St. Patrick’s Day draw near, an appropriate birthday week for the actor George Brent (George Nolan, 1904-1979). Brent wasn’t the most memorable fellow, being just one of a slew of Hollywood’s Irish Georges (George Murphy, George O’Brien, George O’Hara) and a rather nondescript mug that looked a bit like Walter Pidgeon’s. Yet he led an interesting life, and he graced many a classic film with his presence.
Born in Ballinisloe, Galway, Brent spent part of his childhood in New York. He returned to Ireland as a teenager, where he became a courier for Michael Collins during the Irish War for Independence. During these same years he got his first stage experience at the Abbey Theatre in Dublin. A bounty on his head convinced him to return to New York, where he was cast in A.A. Milne’s The Dover Road (1921-22), his first Broadway role. For the next several years he toured America with stock companies, including a two year stint in the road company of Abie’s Irish Rose. He then returned to Broadway for Night Hostess (1928), The K Guy (1928) and Love Honor and Betray (1930) with Clark Gable.
A supporting role in Under Suspicion (1930) marked Brent’s arrival into talkies. He subsequently attained over 100 credits over a 30 year screen career, including such fare as Edna Ferber’s So Big! (1932, opposite Stanwyck), The Rich Are Always With Us (1932, opposite Ruth Chatterton, who became his second wife), the all-star 42nd Street (1933), The Keyhole (1933, opposite Kay Francis), Baby Face (1933, again with Stanwyck), The Painted Veil (1934, with Garbo). He had an affair with Bette Davis and appeared opposite her in no less than 11 pictures, including Jezebel (1938), Dark Victory (1939) and In This Our Life (1942). Major female stars seemed to love working with Brent, and it’s not hard to imagine why. I always remember the women; I never remember a damn thing about Brent!
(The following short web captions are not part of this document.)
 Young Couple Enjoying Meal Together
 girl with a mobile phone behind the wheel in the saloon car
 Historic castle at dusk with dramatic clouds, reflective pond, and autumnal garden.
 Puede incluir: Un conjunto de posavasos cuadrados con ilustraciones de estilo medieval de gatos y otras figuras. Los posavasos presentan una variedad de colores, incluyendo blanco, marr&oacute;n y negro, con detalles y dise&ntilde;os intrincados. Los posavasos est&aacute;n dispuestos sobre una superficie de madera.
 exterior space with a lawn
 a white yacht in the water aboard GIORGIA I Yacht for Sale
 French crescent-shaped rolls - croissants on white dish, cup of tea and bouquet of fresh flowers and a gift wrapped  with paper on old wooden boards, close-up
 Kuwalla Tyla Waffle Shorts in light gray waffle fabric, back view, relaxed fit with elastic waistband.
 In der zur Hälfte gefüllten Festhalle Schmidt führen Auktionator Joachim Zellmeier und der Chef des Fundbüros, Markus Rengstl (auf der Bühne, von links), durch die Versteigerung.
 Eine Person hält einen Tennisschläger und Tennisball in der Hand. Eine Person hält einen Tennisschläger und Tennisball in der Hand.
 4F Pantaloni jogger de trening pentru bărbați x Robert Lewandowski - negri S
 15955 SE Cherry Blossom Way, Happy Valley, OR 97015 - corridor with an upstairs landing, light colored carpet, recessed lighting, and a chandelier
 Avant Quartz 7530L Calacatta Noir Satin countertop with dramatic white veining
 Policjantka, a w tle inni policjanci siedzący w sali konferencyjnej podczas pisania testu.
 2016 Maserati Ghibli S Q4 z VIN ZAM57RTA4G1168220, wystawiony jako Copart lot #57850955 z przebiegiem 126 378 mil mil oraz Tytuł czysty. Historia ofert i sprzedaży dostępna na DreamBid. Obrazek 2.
Brent was at home in the all Irish ensemble in The Fighting 69th (1940) with Cagney, Pat O’Brien, and Pat McHugh. He co-starred with Ann Sheridan in Honeymoon for Three (1941); she was to become his fourth wife. Some of Brent’s notable post-war films included The Spiral Staircase (1946) with Dorothy Maguire and Lover Come Back (1946) with Lucille Ball. During this period he rapidly sank to B movie status. His last starring film was Monogram’s Mexican Manhunt (1953). In 1956 he was cast as the lead in The Death of a Scoundrel (1956) but became ill, and so was replaced by George Sanders, although you can still see him in one shot during a party scene. The rest of the ’50s were spent in television. He was the lead in the short-lived series Wire Service (1956-57), and did guest shots on live TV drama anthology shows like Schlitz Playhouse.
At the young age of 56, Brent retired to breed race horses. He emerged just once more in 1978 to take a supporting role in the film Born Again, the story of Nixon aide Chuck Colson’s prison conversion to Christianity, with Dean Jones, Anne Francis, Jay Robinson, and Dana Andrews.